Page MenuHomePhabricator

analytics1067: Broken BBU
Closed, ResolvedPublic

Description

Looks like it has a broken BBU:

root@analytics1067:~# megacli -AdpBbuCmd -GetBbuStatus -a0

BBU status for Adapter: 0

BatteryType: BBU
Battery State: Unknown

And because of that the raid went to WT:

root@analytics1067:~# megacli -LDInfo -L0 -a0


Adapter 0 -- Virtual Drive Information:
Virtual Drive: 0 (Target Id: 0)
Name                :
RAID Level          : Primary-1, Secondary-0, RAID Level Qualifier-0
Size                : 931.0 GB
Sector Size         : 512
Is VD emulated      : No
Mirror Data         : 931.0 GB
State               : Optimal
Strip Size          : 64 KB
Number Of Drives    : 2
Span Depth          : 1
Default Cache Policy: WriteBack, ReadAdaptive, Direct, No Write Cache if Bad BBU
Current Cache Policy: WriteThrough, ReadAdaptive, Direct, No Write Cache if Bad BBU

Event Timeline

Marostegui triaged this task as Medium priority.Jun 13 2017, 1:30 PM

@Cmjohnson this host is one of the last batch (so under warranty for sure), can you order a new BBU whenever you have time?

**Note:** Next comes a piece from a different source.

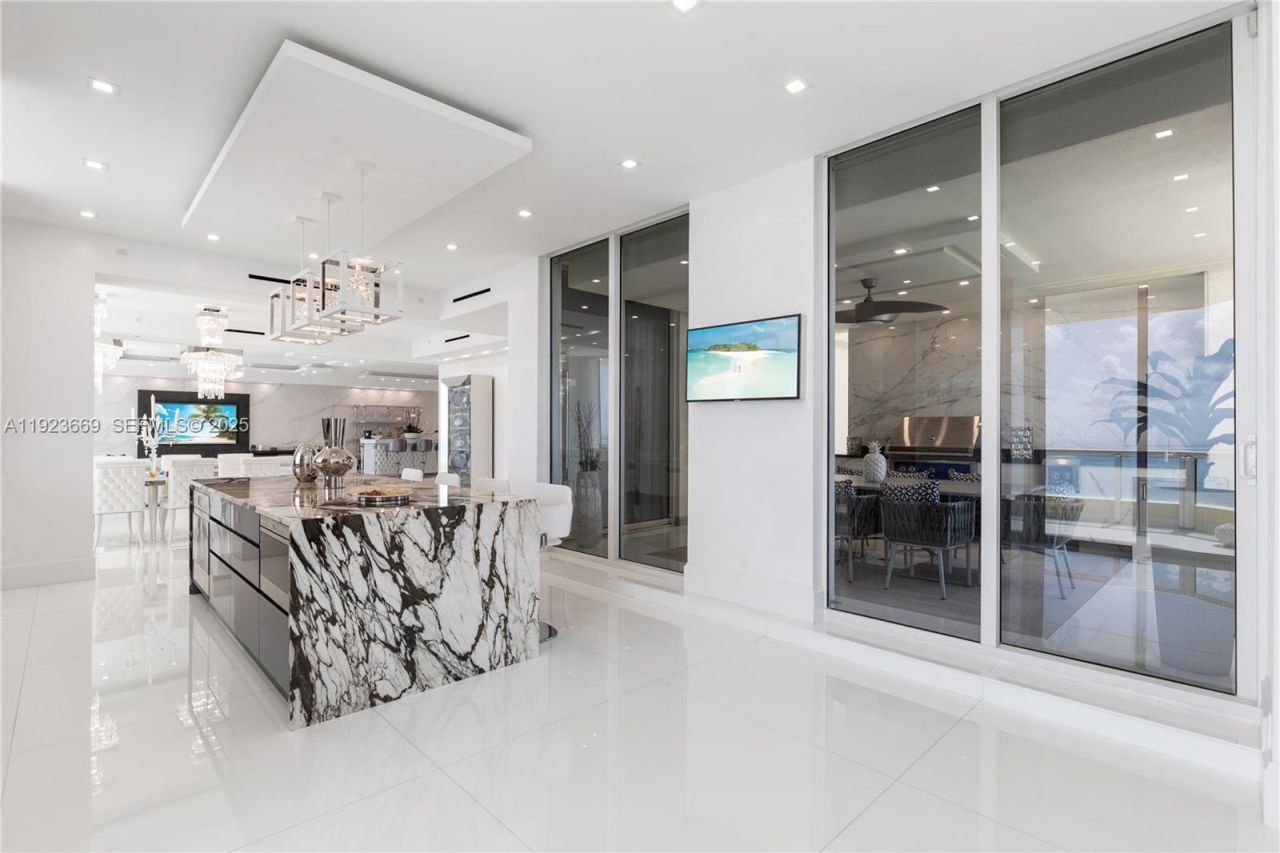 17875 Collins Ave, Unit PH4701, Sunny Isles Beach, FL 33160 Photo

I have not forced the RAID to go to WB, I would leave that to Analytics.
If needed, this should be it:

megacli -LDSetProp -ForcedWB -Immediate -Lall -aAll

And to revert it:

megacli -LDSetProp -NoCachedBadBBU -Immediate -Lall -aAll

Looks like it recovered itself:

˜/icinga-wm 16:06> RECOVERY - MegaRAID on analytics1067 is OK: OK: optimal, 13 logical, 14 physical, WriteBack policy
root@analytics1067:~# megacli -AdpBbuCmd -GetBbuStatus -a0 | grep -e '^isSOHGood' -e '^Charger Status' -e '^Remaining Capacity'
Charger Status: In Progress
Remaining Capacity: 350 mAh
isSOHGood: Yes
Default Cache Policy: WriteBack, ReadAdaptive, Direct, No Write Cache if Bad BBU
Current Cache Policy: WriteBack, ReadAdaptive, Direct, No Write Cache if Bad BBU

Let's close this and if it happens again, we can troubleshoot more.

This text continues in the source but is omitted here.